■ **WORK ITEM**: Write out word for word each line of the records, beginning at the first and stopping after the line with "- Ảnh 3. Hồ". Leave the pictures out.

[INFORMATION PROVIDED]

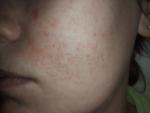 Непроходящие Красные точки на лице, покраснение кожи в области щек фото 2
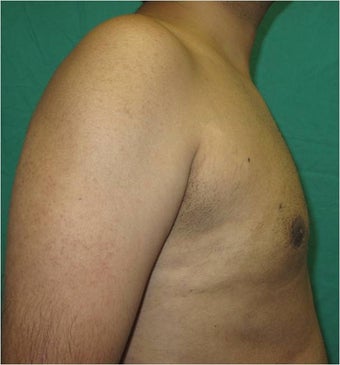 29 Year Old Male Treated for Gynecomastia with Smart Lipo Triplex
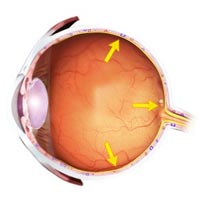 Glaucoma Surgery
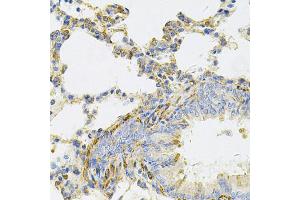 Immunohistochemistry of paraffin-embedded rat lung using UBE2B Antibody. (UBE2B 抗体)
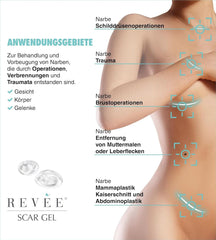 Revée Scar Gel, Topical gel for scars Naty Shop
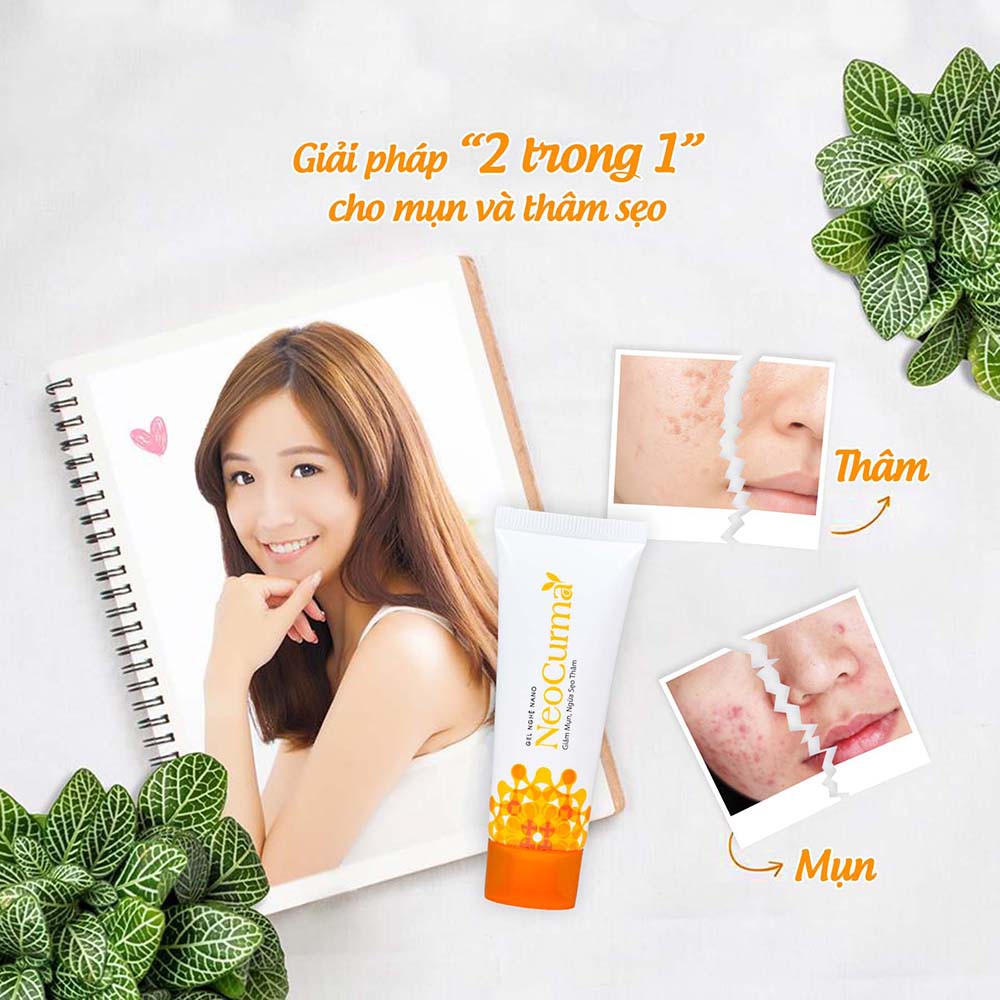 Hồ biến da sạch mụn hết thâm chỉ nhờ một bảo bối nhỏ này đây! - Ảnh 3. Hồ biến da sạch mụn hết thâm chỉ nhờ một bảo bối nhỏ này đây! - Ảnh 3.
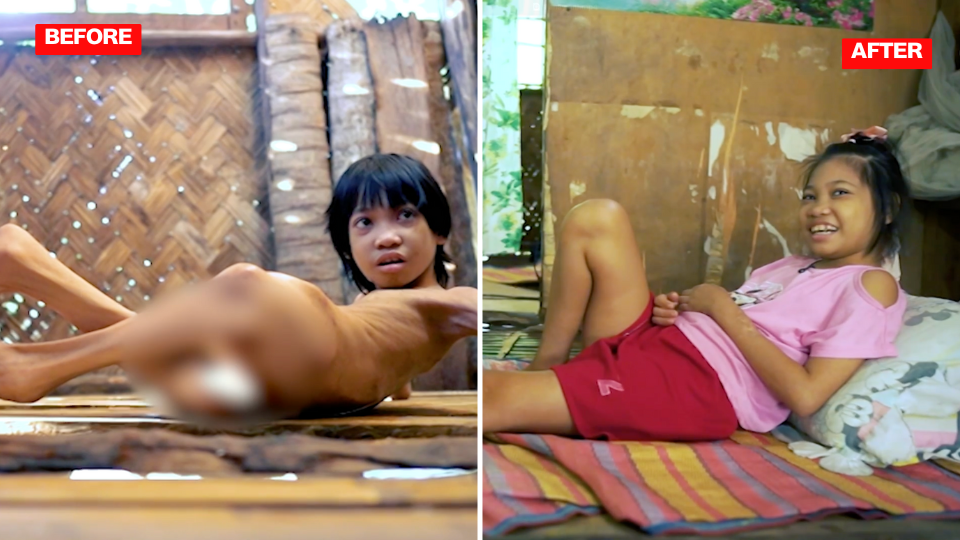 'KMJS' gives update on 'Aurora,' the 17yo girl suffering from compulsions to bite and chew, other mental health conditions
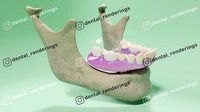 Full arch fixed implant-supported prostheses - Lower arch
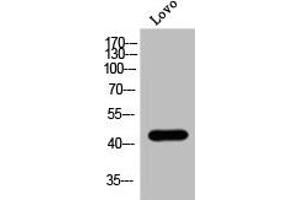 Western Blot analysis of Lovo cells using Phospho-MOR-1 (S375) Polyclonal Antibody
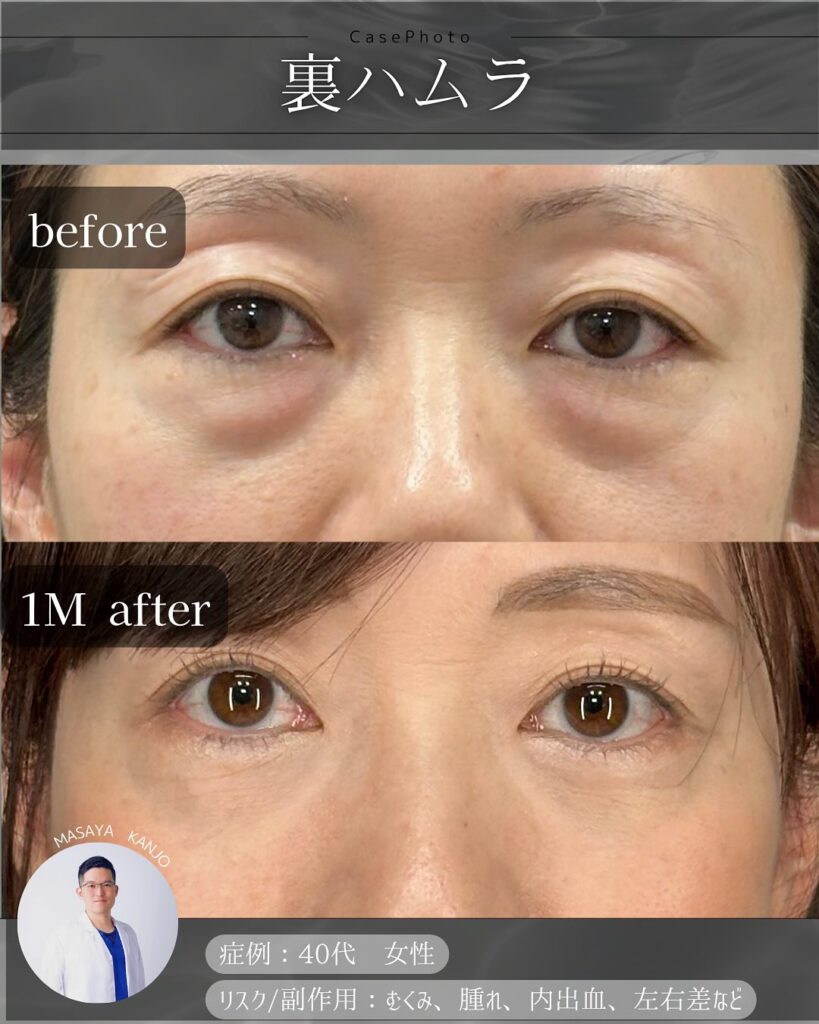 裏ハムラ法の症例写真 (29)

[/INFORMATION PROVIDED]

■ **REPLY TO THE EXERCISE**:
 Непроходящие Красные точки на лице, покраснение кожи в области щек фото 2
 29 Year Old Male Treated for Gynecomastia with Smart Lipo Triplex
 Glaucoma Surgery
 Immunohistochemistry of paraffin-embedded rat lung using UBE2B Antibody. (UBE2B 抗体)
 Revée Scar Gel, Topical gel for scars Naty Shop
 Hồ biến da sạch mụn hết thâm chỉ nhờ một bảo bối nhỏ này đây! - Ảnh 3. Hồ biến da sạch mụn hết thâm chỉ nhờ một bảo bối nhỏ này đây! - Ảnh 3.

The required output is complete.